Your goal: Pictures stay out; please output the remaining data exactly.

Data segment:
--

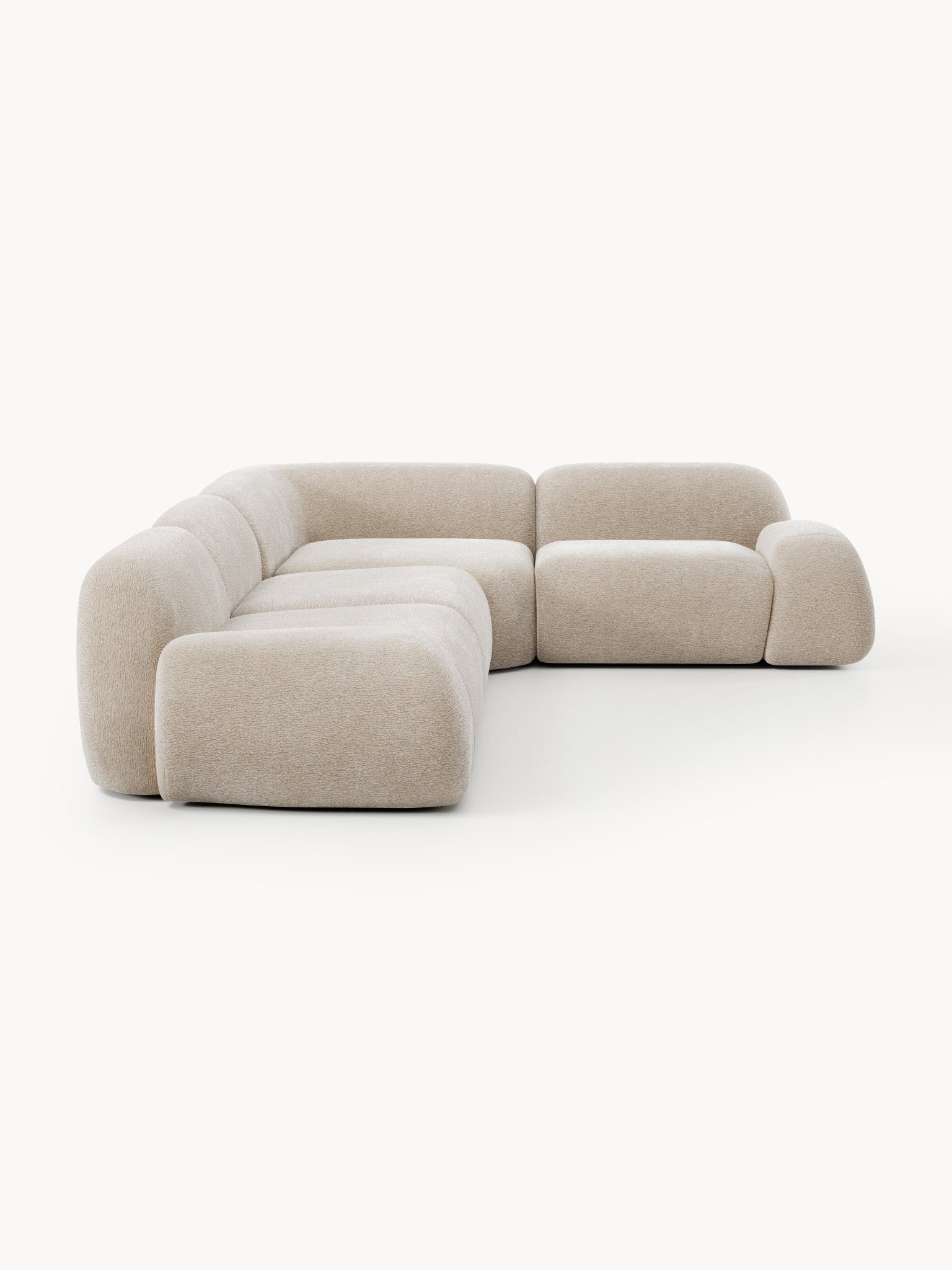 Wolke 4-Kişilik Modüler Köşe Koltuk Teddy Bouclé Bej - Velotti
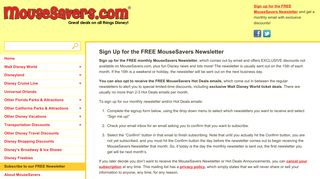 Sign Up for the FREE MouseSavers Newsletter (and optional Hot ...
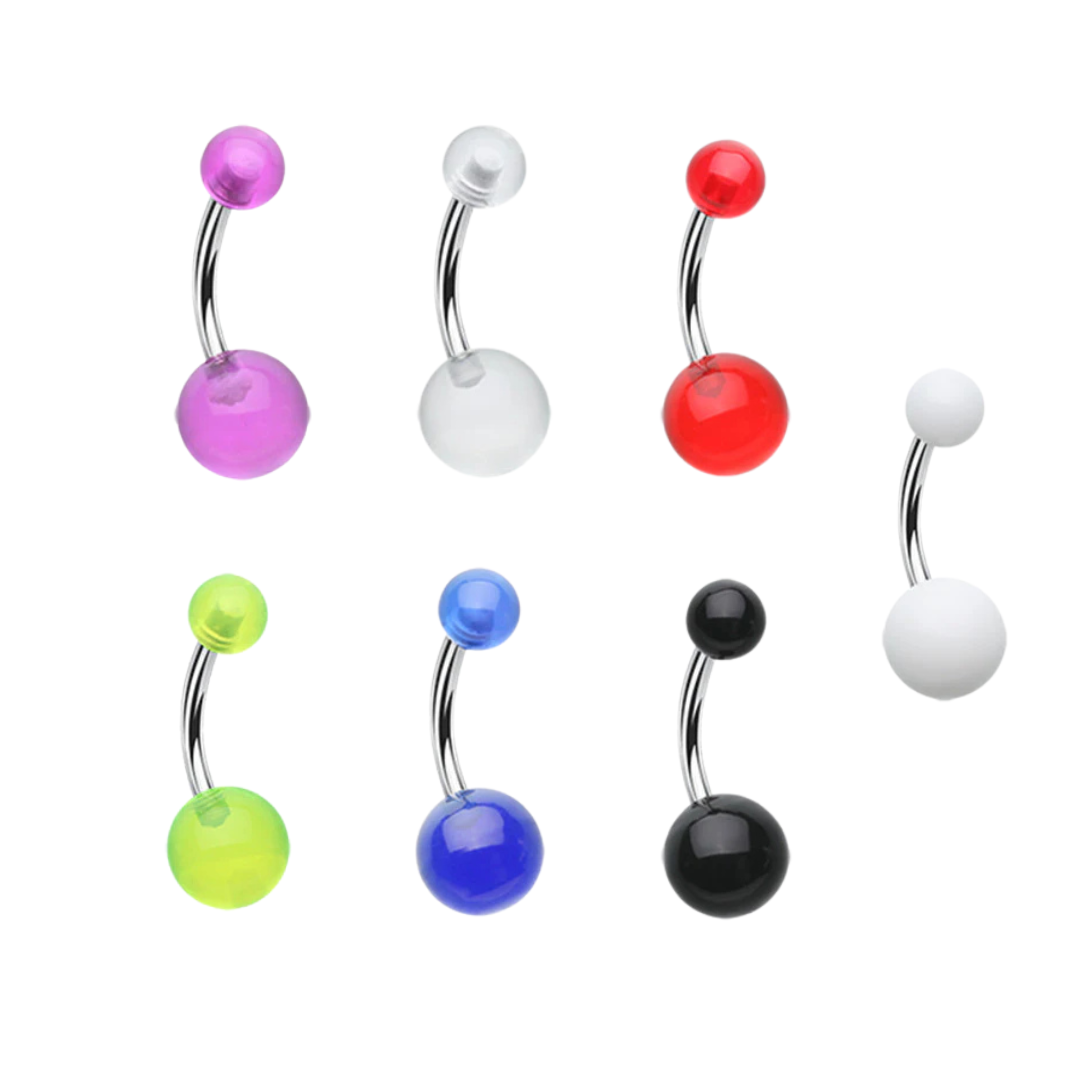 Belly Ring - SS With Acrylic Balls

--

Result for this task:
 Wolke 4-Kişilik Modüler Köşe Koltuk Teddy Bouclé Bej - Velotti
 Sign Up for the FREE MouseSavers Newsletter (and optional Hot ...
 Belly Ring - SS With Acrylic Balls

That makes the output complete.